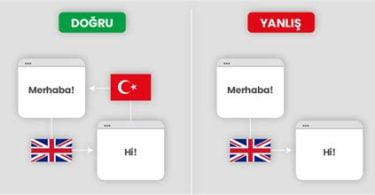 Hreflang Nedir? Yeni Başlayanlar İçin Hreflang!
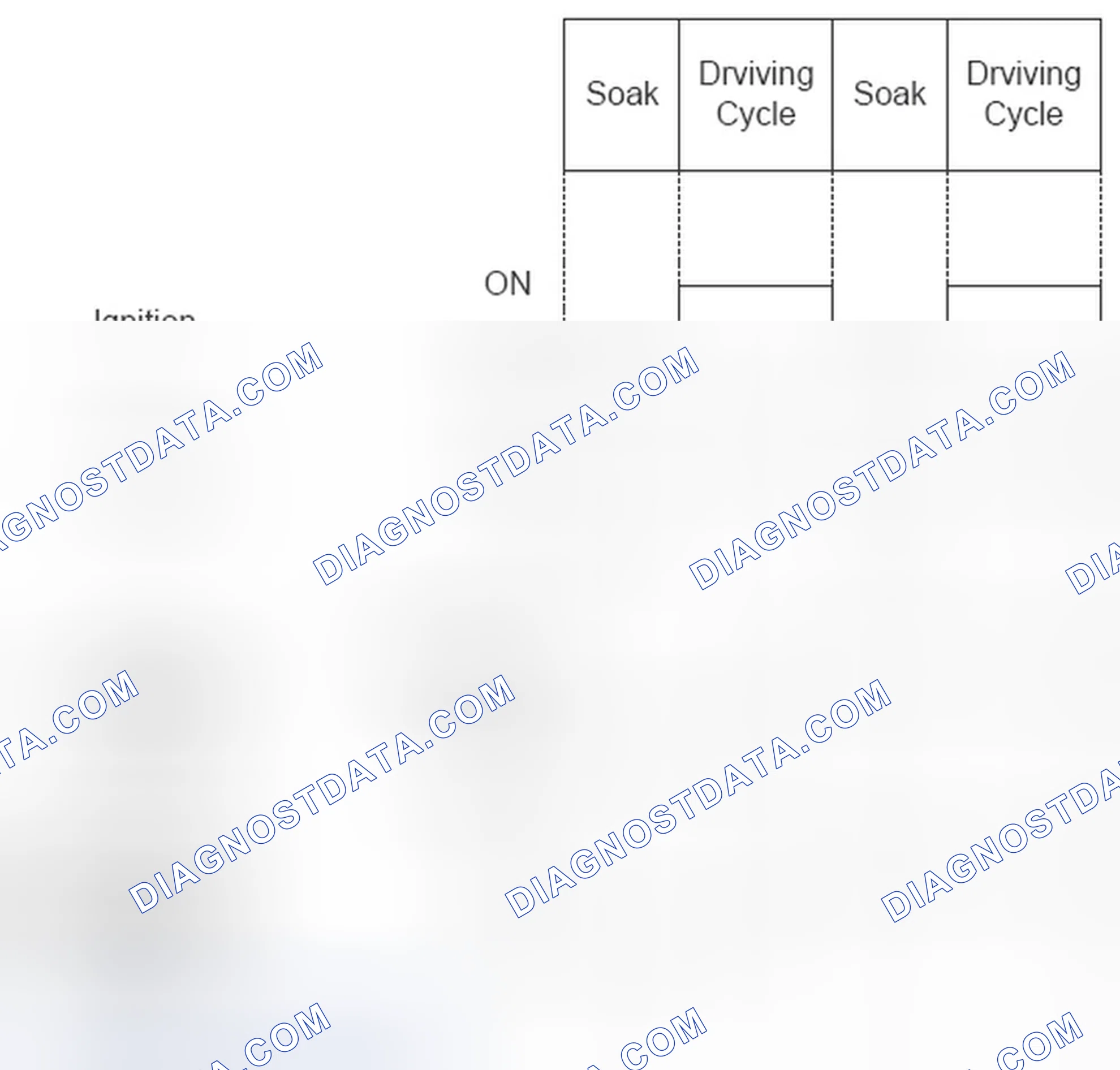 Scheme 252: short circuit battery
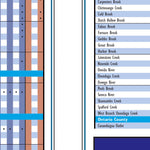 Western NY All-Outdoors Atlas & Field Guide pg. 010-011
+-------+
- [EXERCISE] Without any pictures, print the whole listing again exactly as it stands.

- [SOLVED EXERCISE]
 Hreflang Nedir? Yeni Başlayanlar İçin Hreflang!
 Scheme 252: short circuit battery
 Western NY All-Outdoors Atlas & Field Guide pg. 010-011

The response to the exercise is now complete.